Amazon’s facial recognition is now aiding USA law enforcement
The documents show that at least some public employees raised concerns about the technology.
Law enforcement agencies are using Rekognition, Amazon’s facial recognition system, to identify people and track them in real time.
“We demand that Amazon stop powering a government surveillance infrastructure that poses a grave threat to customers and communities across the country”, the groups wrote in the letter.
Amazon is one of many companies in the USA and elsewhere which deploy facial recognition for security and law enforcement over the concerns of civil liberties activists. “Through the pilot, Orlando will utilize Amazon’s Rekognition Video and Amazon Kinesis Video Streams technology in a way that will use existing city resources to provide real-time detection and notification of persons of interests, further increasing public safety, and operational efficiency opportunities for the City of Orlando and other cities across the nation. Because the service is so new, we are reaching out to customers to make sure they get all the support they need to succeed with their particular use case”.

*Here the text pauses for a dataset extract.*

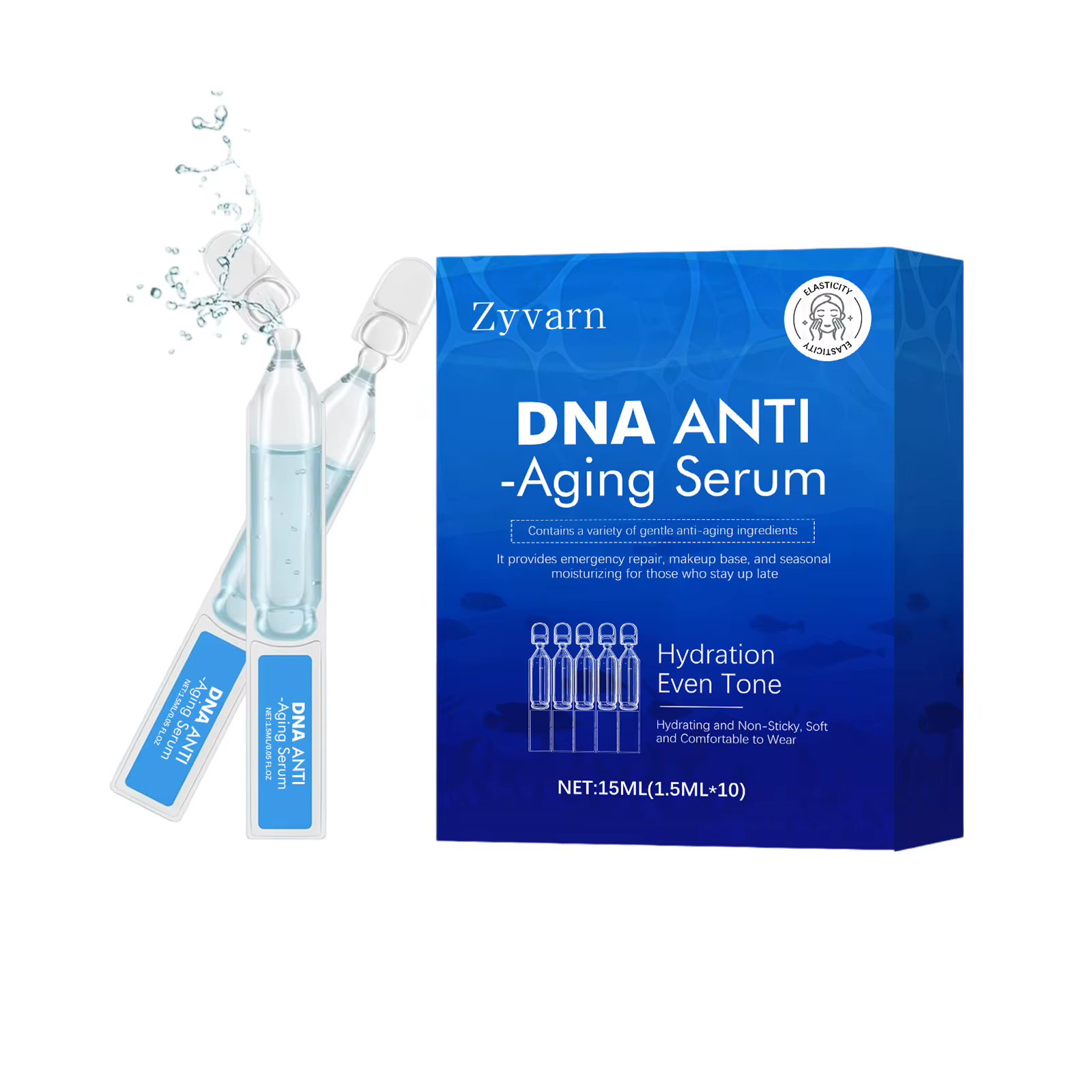 Sérum hydratant pour le visage – Hydrate et adoucit la peau, non gras, hydratation d'urgence, adapté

Within a week of going live, the system was used to identify and arrest a suspect who stole more than $5,000 from local stores, he said, adding there were no leads before the system identified him.
At a conference in Seoul, Ranju Das, who is listed as the director of Rekognition on his LinkedIn profile, boasted about the capabilities of the panopticon created in the partnership with Orlando. In April, the office adopted policies governing its use, stipulating that officers could use real-time face recognition to ID suspects unwilling or unable to offer their own identify, or if someone’s life is in danger.
Amazon Rekognition was introduced in the year 2016 as a deep learning-based API that can identify “objects, people, text, scenes, and activities” upon providing a photo or video.
The software can recognize up to 100 people in a single image, using a private repository of images. “Once powerful surveillance systems like these are built and deployed, the harm will be extremely hard to undo”, writes the ACLU.
Orlando Police Department officials stress that it’s just a test and the technology is not being used for investigative purposes. The coalition has even written a letter to Amazon founder Jeff Bezoz asking him to “take Rekognition off the table for governments”.
Oregon’s Washington County sheriff’s office wants to use the system to scan some 300,000 booking photos from its jail that it has compiled since 2001, according to records obtained by the ACLU. As NPR reported two weeks ago, American police have generally held off, but there’s new evidence that one police department – Orlando, Fla. – has made a decision to try it out. Amazon, for one, services the Central Intelligence Agency, and its AWS cloud platform is backed by Uncle Sam’s snoops.
Rekognition’s commercial customers include the image-sharing network Pinterest and the directory website Spokeo. “Facial recognition in American communities threatens this freedom”.
Harp says if it’s used under proper guidelines, the recognition system could be beneficial in solving crimes.
But the ACLU is anxious about who exactly those people of interest might be. Additionally, Rekognition has access to only eight city-owned cameras. More than two dozen organisations signed it, including the Electronic Frontier Foundation and Human Rights Watch.
Some of the documents obtained by the ACLU show the user interface for the facial recognition software.